──────── LISTED ENTRIES
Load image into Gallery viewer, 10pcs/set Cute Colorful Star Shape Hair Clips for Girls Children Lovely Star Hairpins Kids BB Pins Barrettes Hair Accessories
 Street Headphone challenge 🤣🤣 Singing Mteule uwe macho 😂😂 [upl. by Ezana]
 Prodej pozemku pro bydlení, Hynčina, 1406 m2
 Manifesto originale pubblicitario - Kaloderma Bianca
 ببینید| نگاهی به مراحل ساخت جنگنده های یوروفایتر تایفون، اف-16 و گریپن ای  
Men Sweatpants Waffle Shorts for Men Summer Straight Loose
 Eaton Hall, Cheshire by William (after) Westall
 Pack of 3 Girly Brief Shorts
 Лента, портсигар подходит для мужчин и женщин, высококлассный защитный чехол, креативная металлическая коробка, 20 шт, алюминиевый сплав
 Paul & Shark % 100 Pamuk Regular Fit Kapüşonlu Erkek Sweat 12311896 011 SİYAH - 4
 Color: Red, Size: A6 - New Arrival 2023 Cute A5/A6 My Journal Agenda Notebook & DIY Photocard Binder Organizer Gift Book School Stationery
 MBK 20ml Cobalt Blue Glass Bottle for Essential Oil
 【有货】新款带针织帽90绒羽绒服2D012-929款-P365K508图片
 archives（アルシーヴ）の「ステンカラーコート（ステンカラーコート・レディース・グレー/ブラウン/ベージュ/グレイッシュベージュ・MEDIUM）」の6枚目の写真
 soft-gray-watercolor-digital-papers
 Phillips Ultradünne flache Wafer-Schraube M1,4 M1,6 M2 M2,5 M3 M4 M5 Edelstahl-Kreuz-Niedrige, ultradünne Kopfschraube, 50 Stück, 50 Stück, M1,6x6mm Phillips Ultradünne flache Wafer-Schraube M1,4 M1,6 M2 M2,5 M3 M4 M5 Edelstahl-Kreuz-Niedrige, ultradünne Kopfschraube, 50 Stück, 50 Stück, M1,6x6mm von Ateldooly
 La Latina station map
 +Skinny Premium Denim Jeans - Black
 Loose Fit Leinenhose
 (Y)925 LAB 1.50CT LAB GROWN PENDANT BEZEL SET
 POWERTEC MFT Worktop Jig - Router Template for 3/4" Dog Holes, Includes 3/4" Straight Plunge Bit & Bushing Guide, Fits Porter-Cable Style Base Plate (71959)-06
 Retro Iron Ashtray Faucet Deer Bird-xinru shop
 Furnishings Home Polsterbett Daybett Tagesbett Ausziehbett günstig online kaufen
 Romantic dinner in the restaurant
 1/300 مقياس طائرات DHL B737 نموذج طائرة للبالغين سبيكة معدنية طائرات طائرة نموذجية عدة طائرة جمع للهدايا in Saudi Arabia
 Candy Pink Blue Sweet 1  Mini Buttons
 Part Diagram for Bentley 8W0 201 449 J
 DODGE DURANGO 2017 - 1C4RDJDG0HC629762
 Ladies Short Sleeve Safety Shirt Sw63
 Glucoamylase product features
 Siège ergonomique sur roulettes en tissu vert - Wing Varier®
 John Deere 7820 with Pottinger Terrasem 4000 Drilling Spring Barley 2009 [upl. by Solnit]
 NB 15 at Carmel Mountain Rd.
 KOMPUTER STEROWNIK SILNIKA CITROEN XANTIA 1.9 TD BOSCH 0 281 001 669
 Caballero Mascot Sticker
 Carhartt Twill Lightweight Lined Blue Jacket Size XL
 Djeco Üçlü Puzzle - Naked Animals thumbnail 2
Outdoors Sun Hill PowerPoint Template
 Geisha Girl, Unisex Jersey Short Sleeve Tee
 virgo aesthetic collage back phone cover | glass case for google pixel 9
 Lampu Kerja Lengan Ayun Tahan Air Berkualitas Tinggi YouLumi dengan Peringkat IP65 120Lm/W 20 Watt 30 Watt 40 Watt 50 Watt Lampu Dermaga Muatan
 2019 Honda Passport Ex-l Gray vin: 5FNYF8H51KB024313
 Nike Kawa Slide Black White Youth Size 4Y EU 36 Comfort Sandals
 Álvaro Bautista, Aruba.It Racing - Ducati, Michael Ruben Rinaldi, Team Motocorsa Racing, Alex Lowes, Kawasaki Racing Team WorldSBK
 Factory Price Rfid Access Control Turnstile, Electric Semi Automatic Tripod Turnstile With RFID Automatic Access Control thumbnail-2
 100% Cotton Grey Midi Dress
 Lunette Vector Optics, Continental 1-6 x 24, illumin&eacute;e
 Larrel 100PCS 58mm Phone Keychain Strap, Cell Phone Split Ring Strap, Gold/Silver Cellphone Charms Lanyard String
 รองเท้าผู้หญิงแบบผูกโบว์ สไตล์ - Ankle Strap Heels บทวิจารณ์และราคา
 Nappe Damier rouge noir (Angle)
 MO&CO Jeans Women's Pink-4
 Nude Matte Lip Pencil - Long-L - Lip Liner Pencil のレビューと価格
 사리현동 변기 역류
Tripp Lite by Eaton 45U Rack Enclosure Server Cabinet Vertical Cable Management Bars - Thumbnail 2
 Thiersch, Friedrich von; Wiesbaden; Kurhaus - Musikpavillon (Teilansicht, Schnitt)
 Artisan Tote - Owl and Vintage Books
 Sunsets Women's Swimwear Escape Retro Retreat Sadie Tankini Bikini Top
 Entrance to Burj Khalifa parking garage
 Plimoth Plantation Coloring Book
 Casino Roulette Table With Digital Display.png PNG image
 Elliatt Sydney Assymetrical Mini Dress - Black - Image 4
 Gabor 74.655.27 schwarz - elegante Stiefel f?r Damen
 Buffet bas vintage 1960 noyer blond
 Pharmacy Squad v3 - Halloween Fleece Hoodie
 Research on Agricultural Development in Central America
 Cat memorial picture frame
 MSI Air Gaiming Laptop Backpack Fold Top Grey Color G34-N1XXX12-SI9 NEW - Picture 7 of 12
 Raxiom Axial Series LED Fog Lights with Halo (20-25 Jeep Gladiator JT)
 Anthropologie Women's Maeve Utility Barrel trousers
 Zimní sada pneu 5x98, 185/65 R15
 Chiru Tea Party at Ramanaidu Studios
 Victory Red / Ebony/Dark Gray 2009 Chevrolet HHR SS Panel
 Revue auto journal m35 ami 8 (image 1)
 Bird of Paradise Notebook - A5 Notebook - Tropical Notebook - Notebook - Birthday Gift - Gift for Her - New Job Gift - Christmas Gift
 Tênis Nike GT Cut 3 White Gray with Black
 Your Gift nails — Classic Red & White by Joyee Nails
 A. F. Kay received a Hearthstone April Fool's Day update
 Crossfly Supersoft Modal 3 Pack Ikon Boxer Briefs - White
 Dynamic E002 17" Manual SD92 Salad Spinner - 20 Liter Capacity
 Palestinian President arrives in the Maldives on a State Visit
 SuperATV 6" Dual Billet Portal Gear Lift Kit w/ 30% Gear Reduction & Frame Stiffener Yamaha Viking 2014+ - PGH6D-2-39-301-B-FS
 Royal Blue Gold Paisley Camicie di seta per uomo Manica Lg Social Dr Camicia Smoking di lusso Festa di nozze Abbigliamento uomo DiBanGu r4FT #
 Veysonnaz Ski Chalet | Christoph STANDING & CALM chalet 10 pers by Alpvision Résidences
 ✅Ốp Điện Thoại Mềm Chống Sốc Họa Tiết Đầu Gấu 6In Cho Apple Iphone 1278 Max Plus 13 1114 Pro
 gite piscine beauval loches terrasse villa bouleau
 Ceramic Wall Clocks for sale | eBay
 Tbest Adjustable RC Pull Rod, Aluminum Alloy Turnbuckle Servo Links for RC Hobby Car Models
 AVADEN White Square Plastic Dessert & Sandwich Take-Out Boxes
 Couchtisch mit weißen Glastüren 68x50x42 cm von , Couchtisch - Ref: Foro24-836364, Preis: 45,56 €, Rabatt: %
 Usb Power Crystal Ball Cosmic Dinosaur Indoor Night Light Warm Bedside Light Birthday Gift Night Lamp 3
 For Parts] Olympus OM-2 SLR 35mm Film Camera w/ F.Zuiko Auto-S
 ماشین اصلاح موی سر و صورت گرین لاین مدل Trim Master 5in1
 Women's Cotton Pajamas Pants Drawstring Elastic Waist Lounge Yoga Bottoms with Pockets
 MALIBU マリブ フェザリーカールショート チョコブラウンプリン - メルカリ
────────────────
**REQUIRED WORK**
Filter the listing by the string "Women"; copy each matching line.

**YOUR RESPONSE**
 MO&CO Jeans Women's Pink-4
 Sunsets Women's Swimwear Escape Retro Retreat Sadie Tankini Bikini Top
 Anthropologie Women's Maeve Utility Barrel trousers
 Women's Cotton Pajamas Pants Drawstring Elastic Waist Lounge Yoga Bottoms with Pockets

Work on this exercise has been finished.